Ahora, recién aterrizada en Barcelona después de volver a vivir esos días noctámbulos en que percibes “las calles fluyendo por tus venas como la fiebre”, como dijo Andréi Bieli en su fascinante Petersburgo, es fácil rememorar las tardes a orillas del Nevá, cuando el sol se pone tan oblicuamente que da la impresión de que toda la luz viaja paralela al horizonte transformando la superficie de los canales en una prolongación dorada de las cúpulas ortodoxas y volviendo incandescentes las fachadas de los palacios.
Es tal la mezcla de urbes contenidas en san petersburgo que el extranjero siente una inquietante familiaridad.
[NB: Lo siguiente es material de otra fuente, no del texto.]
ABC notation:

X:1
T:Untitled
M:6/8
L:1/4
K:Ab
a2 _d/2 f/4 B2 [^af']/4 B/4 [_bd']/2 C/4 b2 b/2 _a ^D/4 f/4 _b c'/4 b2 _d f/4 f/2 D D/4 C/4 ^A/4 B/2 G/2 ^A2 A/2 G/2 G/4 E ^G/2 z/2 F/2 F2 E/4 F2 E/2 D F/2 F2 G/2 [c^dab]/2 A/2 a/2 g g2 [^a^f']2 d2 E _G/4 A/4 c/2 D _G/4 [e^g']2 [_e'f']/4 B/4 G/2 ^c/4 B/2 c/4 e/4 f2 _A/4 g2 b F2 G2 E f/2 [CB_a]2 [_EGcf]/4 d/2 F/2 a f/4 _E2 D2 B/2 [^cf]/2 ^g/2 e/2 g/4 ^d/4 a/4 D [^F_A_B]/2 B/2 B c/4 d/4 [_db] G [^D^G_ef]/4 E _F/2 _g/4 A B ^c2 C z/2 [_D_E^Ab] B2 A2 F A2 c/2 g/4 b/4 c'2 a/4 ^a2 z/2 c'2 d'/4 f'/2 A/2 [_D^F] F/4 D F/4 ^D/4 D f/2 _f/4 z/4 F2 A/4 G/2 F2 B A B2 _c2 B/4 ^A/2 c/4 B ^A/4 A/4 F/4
La mejor manera de disfrutar las noches blancas, además de deleitarse con la programación musical del famoso festival homónimo, creado por el director artístico del teatro Mariinsky, Valeri Guérguiev –el demiurgo que lleva dos décadas al cargo de ese templo a la vez que recorre el mundo entero agitando su batuta del tamaño de un palillo–, es deambular sin rumbo fijo ni horarios. Caminar por San Petersburgo es una experiencia inolvidable: manzanas interminables como rascacielos horizontales de miles de ojos-ventanas, plazas ciclópeas que parecen reírse de la escala humana, calles rectilíneas donde la mirada huye hacia un punto de fuga situado, quizá, en algún lugar de Siberia… La ciudad, escribió Bieli, es una avenida infinita elevada a la enésima potencia. “Más allá de Petersburgo no hay nada”.
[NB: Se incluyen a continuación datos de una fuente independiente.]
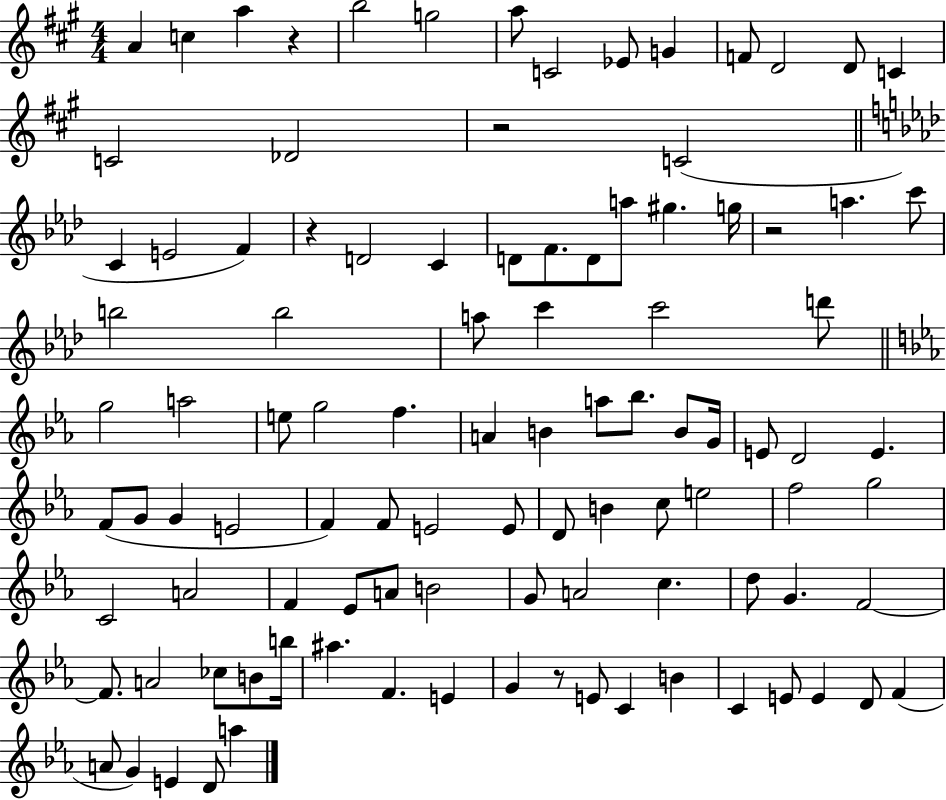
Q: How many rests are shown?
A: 5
Pero la experiencia completa pasa por descubrir una urbe oculta tras la vistosa escenografía de las fachadas y por zambullirse en sus característicos patios interiores, pasajes decrépitos que aún conservan vestigios de tiempos más nobles; las numerosas salas de palacios y museos; los pasillos retorcidos de la Biblioteca Nacional (la “pública”, que atesora una de las mayores colecciones del mundo de libros rusos, si no la mayor); los salones y palcos del Mariinsky y el Mijáilovski; los recibidores, las escaleras y los rellanos de las antiguas mansiones; los semisótanos, buhardillas y tejados, en especial el de la catedral de San Isaac. Todo ello conforma un laberinto semioculto desde el cual descubrir la “ciudad más premeditada del mundo”. Que la fisonomía de la denominada Venecia del Norte haya permanecido inalterable a lo largo de sus tres centurias hace que parezca verosímil que cualquiera de los personajes de Crimen y castigo pueda salir, de un momento a otro, por uno de sus portales.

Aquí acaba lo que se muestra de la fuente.